**Directions for this task:** Using the data that follows, output only the lines from the line with "Hey guys and" up to and including the line with "The important part", exactly, leaving pictures aside.

**Material for this exercise:**
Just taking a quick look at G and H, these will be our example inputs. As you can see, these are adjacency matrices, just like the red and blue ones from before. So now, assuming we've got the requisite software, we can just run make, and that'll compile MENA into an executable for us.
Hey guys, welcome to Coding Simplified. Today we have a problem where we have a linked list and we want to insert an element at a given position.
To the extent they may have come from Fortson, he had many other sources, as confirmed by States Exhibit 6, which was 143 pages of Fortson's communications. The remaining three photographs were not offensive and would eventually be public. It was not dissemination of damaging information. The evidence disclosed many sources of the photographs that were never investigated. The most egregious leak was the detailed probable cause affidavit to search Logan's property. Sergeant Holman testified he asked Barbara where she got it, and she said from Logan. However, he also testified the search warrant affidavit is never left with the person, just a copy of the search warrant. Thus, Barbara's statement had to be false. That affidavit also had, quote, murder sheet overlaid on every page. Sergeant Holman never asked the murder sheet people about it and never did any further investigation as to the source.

* * *

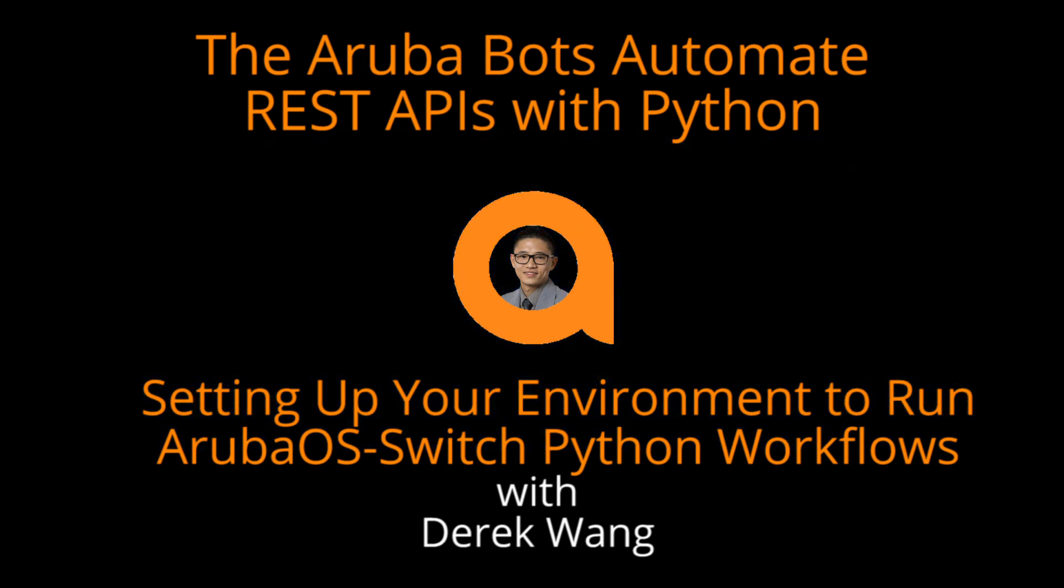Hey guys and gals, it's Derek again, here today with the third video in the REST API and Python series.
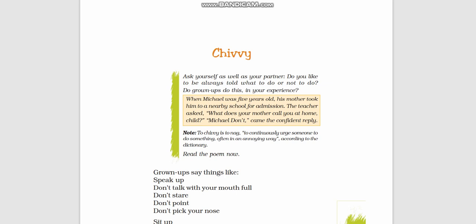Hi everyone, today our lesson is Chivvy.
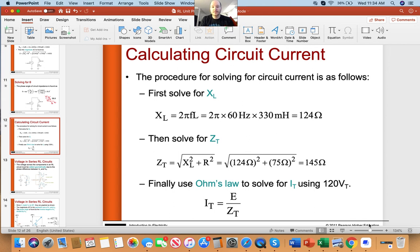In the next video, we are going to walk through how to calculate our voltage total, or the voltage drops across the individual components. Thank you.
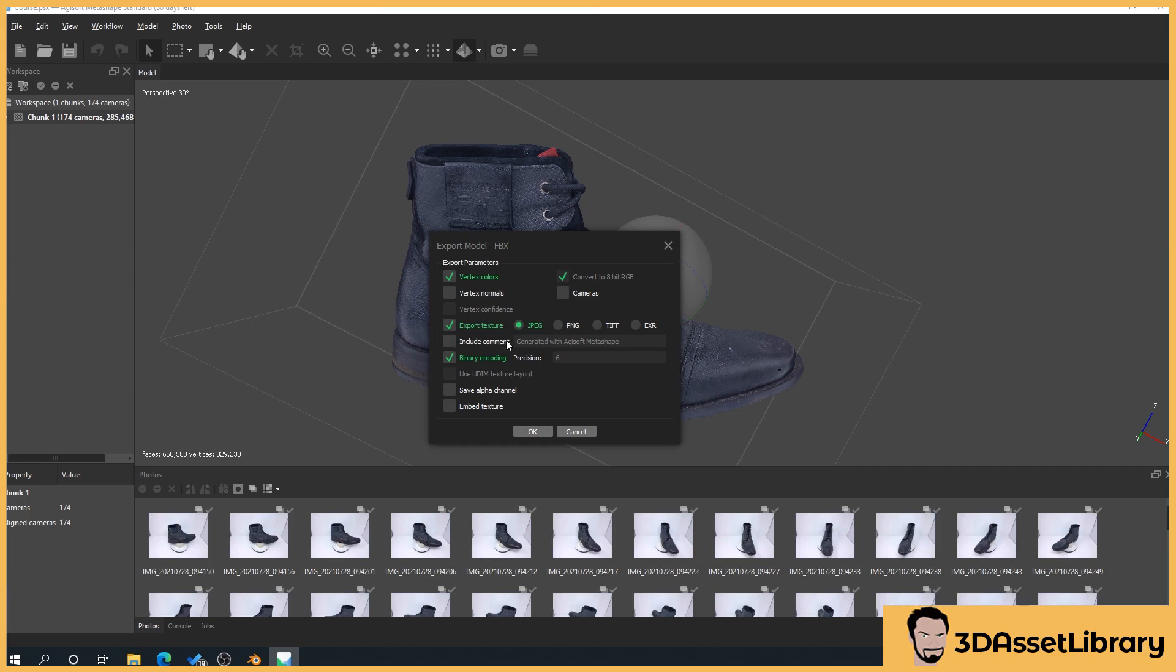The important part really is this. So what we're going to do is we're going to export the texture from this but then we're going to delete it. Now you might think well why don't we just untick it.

**Result of the exercise:**
Hey guys and gals, it's Derek again, here today with the third video in the REST API and Python series.
Hi everyone, today our lesson is Chivvy.
In the next video, we are going to walk through how to calculate our voltage total, or the voltage drops across the individual components. Thank you.
The important part really is this. So what we're going to do is we're going to export the texture from this but then we're going to delete it. Now you might think well why don't we just untick it.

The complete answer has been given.